Die dänischen Handballer haben in den vergangenen Wochen der ganzen Sportwelt gezeigt, wie sich ein kleines Land gegen weitaus größere Nationen durchsetzen kann. Auch im deutsch-dänischen Grenzland macht uns die Weltmeisterschaft stolz, weil wir sehen können, was uns die grenzüberschreitende Zusammenarbeit auf dem Handballfeld bereits gebracht hat.

Flensburg, Kiel, Berlin und die weltbeste Handballliga machen aus den dänischen Handballern Weltstars: Im Angriff wirbeln sie mit Kreativität und Fantasie – in der Abwehr bildet das Team Schulter an Schulter eine unüberwindbare rote Mauer.

Doch im Grenzland ist der Alltag nicht immer so rosig wie bei der Handball-WM. Wir stechen uns immer wieder an den Dornen der Rosenbüsche, die sich manchmal vor uns auftürmen und trotz ihrer Pracht ein unschönes Hindernis bilden.

Es läuft vieles toll im deutsch-dänischen Grenzland. Man kennt und besucht einander nördlich und südlich der Grenze, und wir mögen uns als Nachbarn. Alles hat Vorzeige-Charakter. Aber irgendwie ist vieles komplizierter geworden.

Dabei sind die Grenzkontrollen nicht der einzige Störfaktor. Dänemark scheint ausländischen Bürgerinnen und Bürgern viele Hindernisse in den Weg zu legen und das trifft insbesondere unser Grenzland.

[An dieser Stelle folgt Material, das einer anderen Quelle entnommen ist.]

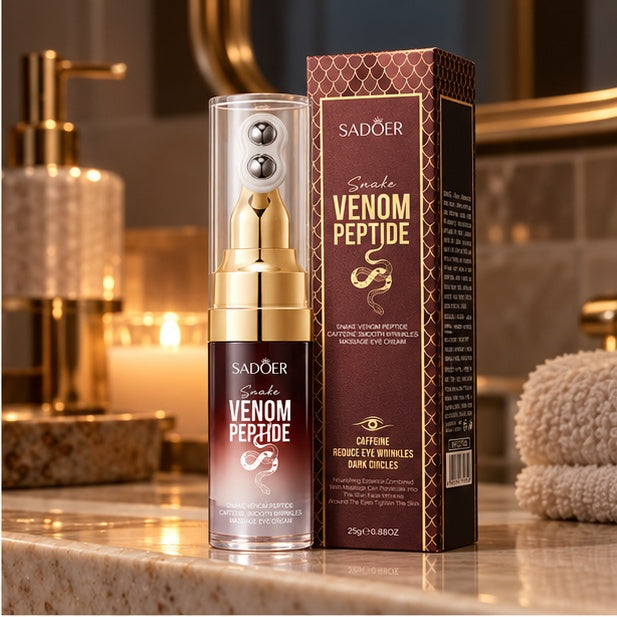SADOER Snake Venom Peptide Caffeine Massage Eye Cream — 25 g — bathroom setting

Beispiel 1: Erst seit Kurzem können Deutsche den dänischen MitID-Zugang erhalten, ohne den vorherigen Behördengang mit einem Zeugen oder einer Zeugin. Wobei dies allerdings nur für Deutsche mit einem Reisepass geht. Die dänischen Behörden scheinen nicht gewusst zu haben, dass viele in Deutschland nur einen Personalausweis haben. Für sie gilt immer noch – im digitalen Dänemark – der Gang zur Behörde.

Beispiel 2: Wer als Ausländerin oder Ausländer den dänischen Führerschein aufs Smartphone herunterladen möchte, kann dies nur mit einem dänischen Pass. Hunderttausende werden dadurch diskriminiert – nicht nur im Grenzland, sondern in ganz Dänemark.

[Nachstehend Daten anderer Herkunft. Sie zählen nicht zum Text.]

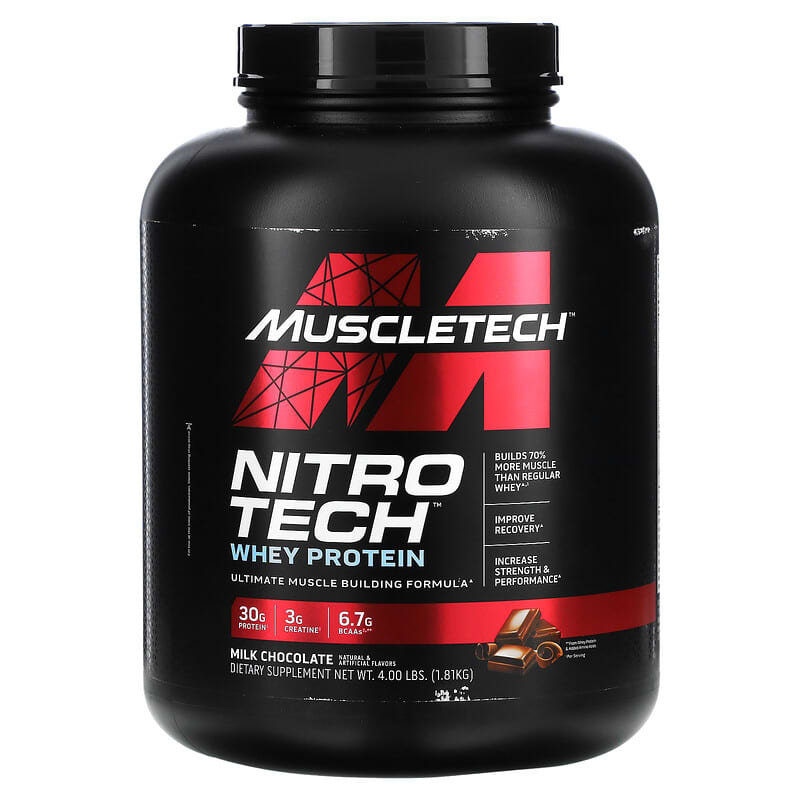 MuscleTech NitroTech Whey Peptides Milk Chocolate 4 lbs (1.81 kg) 6 Thực phẩm chức năng MuscleTech NitroTech Whey Peptides Milk Chocolate 4 lbs (1.81 kg) 631656703283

Beispiel 3: Immer wieder werden gut integrierte Geflüchtete aus dem Land verwiesen, obwohl diese keinen Bezug zu ihrem Heimatland haben und in Dänemark sogar gebraucht werden. Es werden kaum nachvollziehbare Regeln und Sprachbarrieren aufgestellt, die scheinbar nur dazu da sind, es allen – außer dänischen Staatsbürgerinnen und Staatsbürgern – schwer zu machen, in Dänemark Fuß zu fassen.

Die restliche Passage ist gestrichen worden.